American civil engineer and politician (1939–2014)

Charles ("Charlie") Francis Vachris (February 19, 1939 – October 7, 2014) was an American civil engineer and politician, and was the founder and head of Vachris Engineering, PC.

== Life and career ==

=== Early life and education ===
Vachris was born in Brooklyn, New York, on February 19, 1939.

For high school, Vachris attended Chaminade High School in Mineola, New York, which he graduated from in 1957. It was there where he met his wife, Evelyn Gaye Vachris (born Kruetzer). In high school, Vachris played on his school's football team.

For college, he attended Yale University's honors college as an engineering major and graduated in 1961; Vachris also played on the school's basketball team.

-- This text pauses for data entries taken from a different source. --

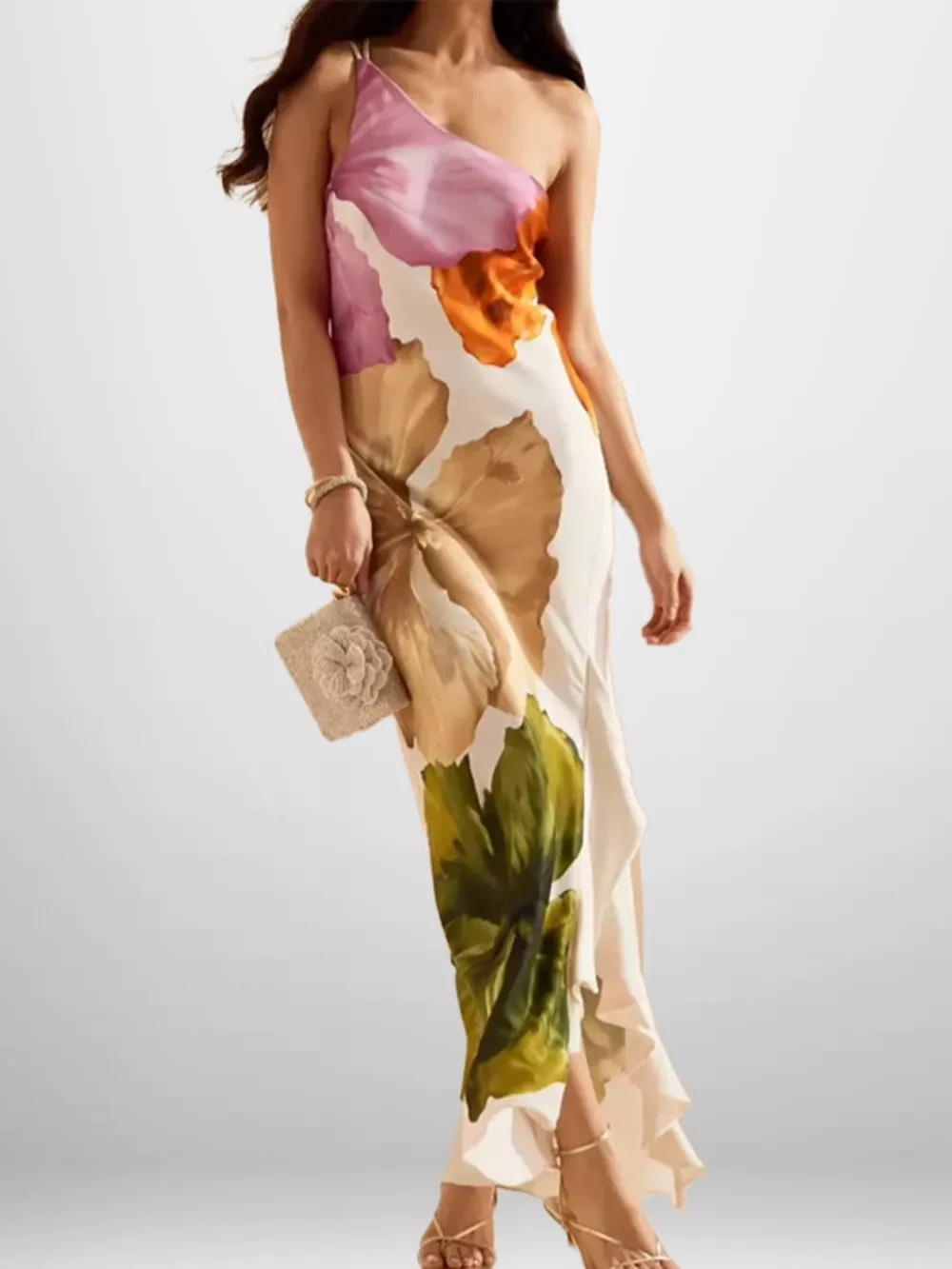 Full Size Floral Print One-Shoulder Maxi Dress Plus Size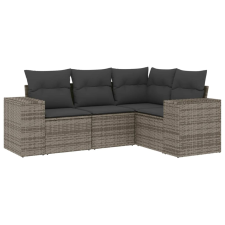 vidaXL 4 részes szürke polyrattan kerti ülőgarnitúra párnákkal (3254847) kerti bútor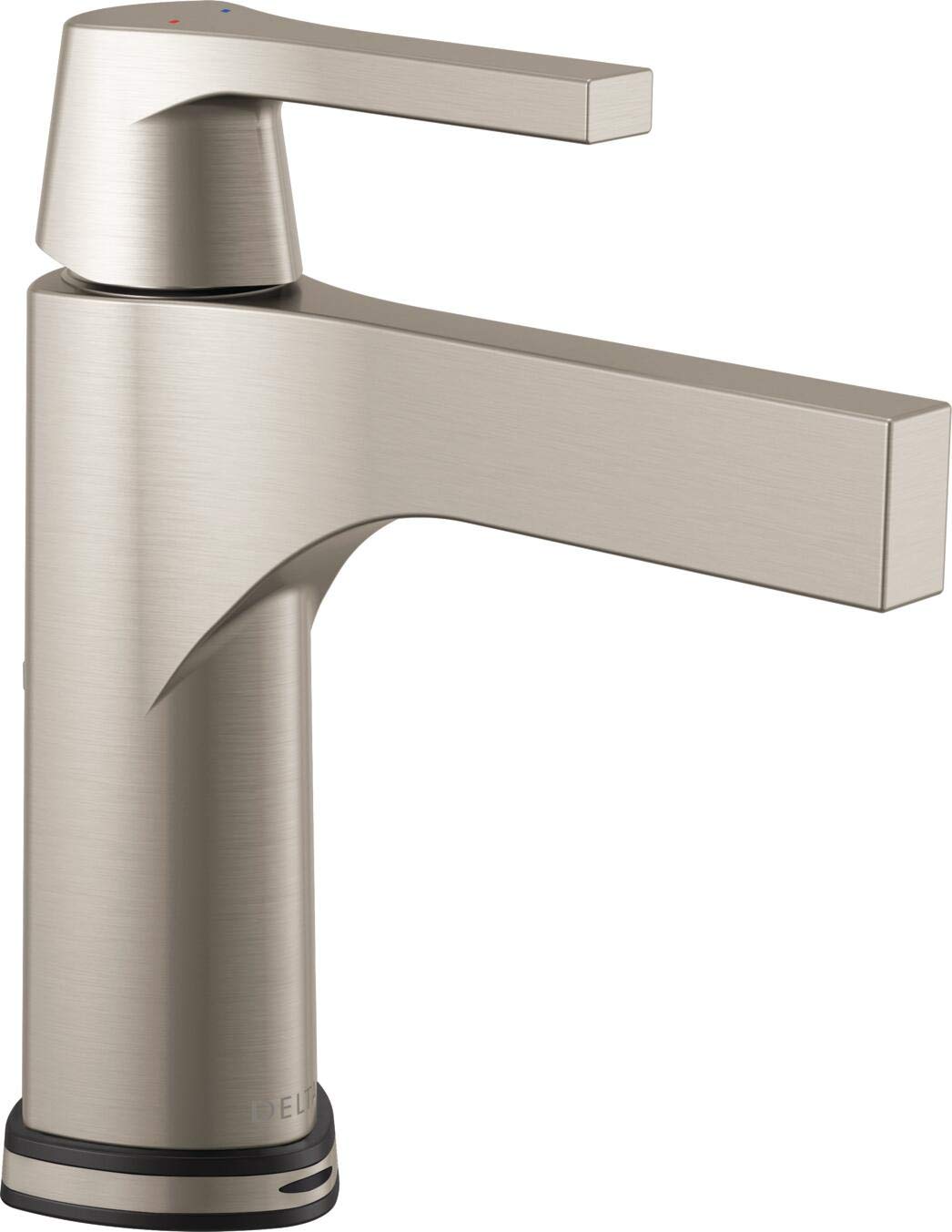 Brushed nickel bathroom faucet with single lever handle and rectangular spout extending from cylindrical base.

For his masters, Vachris went to Columbia University and earned his masters in Engineering in 1968.

=== Military service ===
Vachris served in the Army Corps of Engineers and was stationed at Fort Knox. He was honorably discharged from the military as a Captain.

=== Career ===

==== Vachris Engineering ====
Vachris founded and headed Garden City-based Vachris Engineering, PC in 1982. Before founding the firm, he had worked in a construction company owned by his family.

In 2014, Vachris voluntarily donated personal and corporate services for the engineering of a new basketball court at the Flower Hill Village Park.

==== Political career ====
As a resident of the village of Flower Hill, New York, Vachris served as a village trustee from 1988 to 1990, and also served on its planning board and ethics board until his passing.

Vachris also served as Flower Hill's village engineer for many years.

== Death and legacy ==
Vachris died of a heart attack at the age of 75 on October 7, 2014, while playing basketball at the Munsey Park Elementary School in Munsey Park, New York. He is buried at Nassau Knolls Cemetery in Port Washington, New York.

The basketball court at the Flower Hill Village Park is dedicated to Vachris.

== Personal life ==
At the time of his death, Vachris had lived in Flower Hill for roughly 45 years. He and his wife, Evelyn, had 5 children and 11 grandchildren. At the time of his death, Vachris resided at the family's home at 42 Dogwood Lane in Flower Hill.

Vachris was an avid fan and player of basketball, and would play the game until his death.